The Ukrainian News Agency (Інформаційне агентство "Українські Новини" /uk/) is a Kyiv-based Ukrainian news agency. It produces and provides political, business and financial information, as well as a popular photo reporting service. Since February 2008 the company is part of the Inter Media Group Ltd., formerly U.A. Inter Media Group, which itself is a subsidiary of the Russian-based company GDF Media Ltd. Inter Media Group Limited also owns 61% of the Ukrainian TV channel Inter.

Founded in 1993, by Mykhailo Kolomiets and Volodymyr Hranovskiy, the agency is now used by about 10,000 clients daily. It offers 27 information and analytical products in Russian, Ukrainian and English. Ukrainian News is the only agency in Ukraine that translates 100% of its products into English.

Valery Khoroshkovsky held a 50% stake of Ukrainian News because Mykhailo Kolomiets 50% stake was nominal and the other 50% stake was held by the Agency for Humanitarian Technologies (AHT) (Агентство гуманитарных технологий (АГТ)) which lists Viktor Pinchuk as its owner. Maxim Karizhsky, the general director of AHT, however, stated that Pinchuk is not the owner of AHT. AHT signed an agreement with the United States public relations firm Black, Kelly, Scruggs & Healey (BKSH) for the period of 1 January 2001 to 30 September 2001. Volodymyr Granovsky established Humanitarian Technologies agency. (Note: Black, Kelly, Scruggs & Healey (BKSH) had formerly been the firm Black, Manafort, Stone and Kelly (BMSK) before 1991 after which it merged with several other firms to form BKSH.)

On 18 November 2002, the body of founder Mykhailo Kolomiets was found dead hanging from a tree near Molodechno, Belarus, after being missing for four weeks.

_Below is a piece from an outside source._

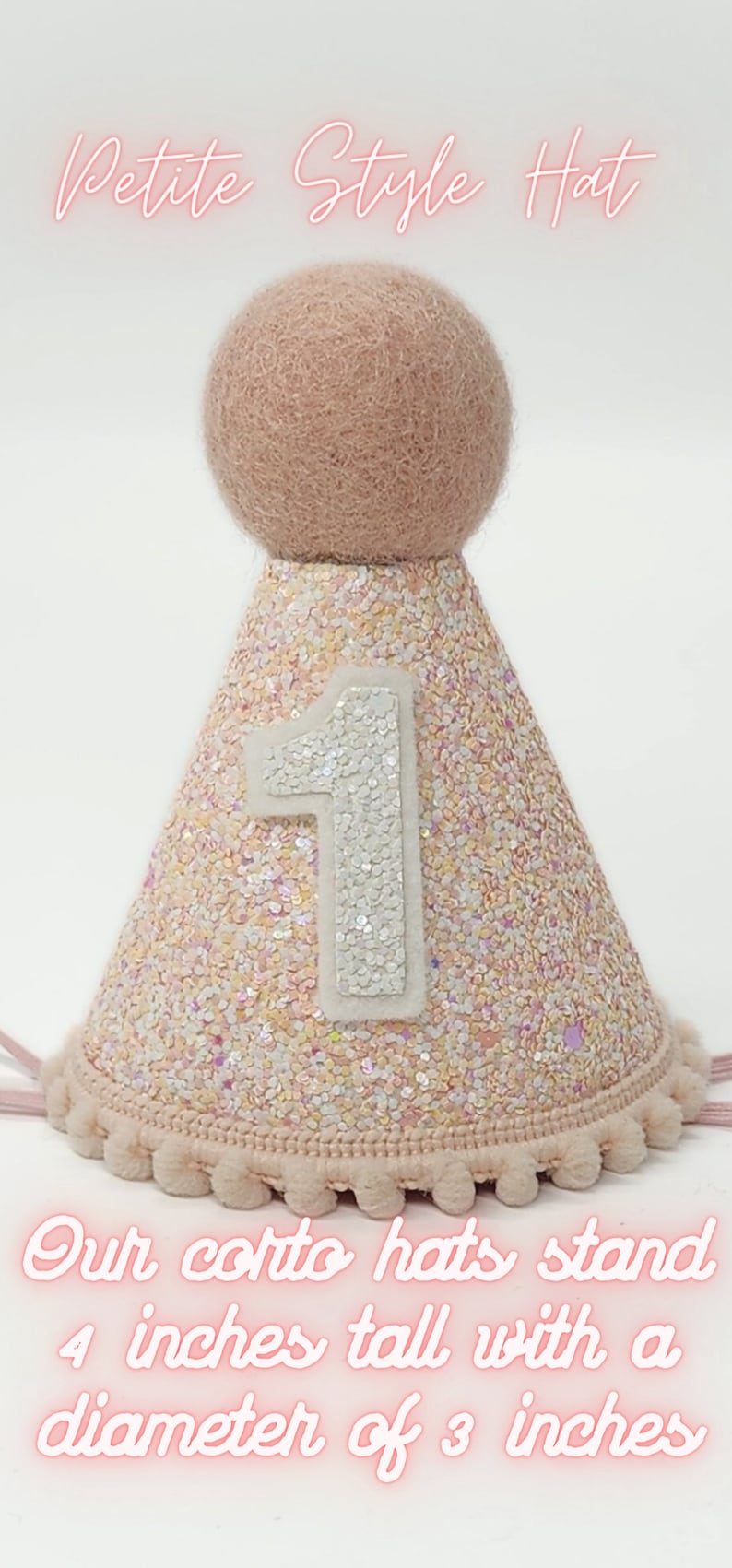 May include: A pink and white glitter party hat with a white felt pom-pom on top and a white felt number "1" on the front. The hat is 4 inches tall with a 3 inch diameter. "Petite Style Hat" is written in pink at the top of the image.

He met with Volodymyr Hranovskiy just before he deleted all files on his computer and left for Minsk on 22 October 2001. On 30 October 2001, his body was found and he was buried two weeks later as unidentified. (Note: Volodymyr Mykolayovych Hranovskyy (Володимир Миколайович Грановський; born 1966 Kyiv, Ukrainian SSR, Soviet Union) received a philosophical degree in Moscow and returned to Kyiv to advise World Bank or Svitovy Bank (Світовий банк) and the National Council of Ukraine on Television and Radio Broadcasting. He co-founded Ukrainian News. He worked with the channel Inter until 2006 but allegedly received $2 million from the Party of Regions on 8 June 2012 for channel Inter. Hranovskyy is very close to Dmitro Firtash and co-founded the Ukraine Modernization Agency (Агентство модернизации Украины) in 2015. In 2017, he began working with NewsOne. On 10 June 2021, he became the general producer of the Yevhen Muraev owned NASH (НАШ).)

In May 2006, the agency opened a modern press conference hall.

The agency has its own building. It is located just outside Palats Sportu subway station in central Kyiv.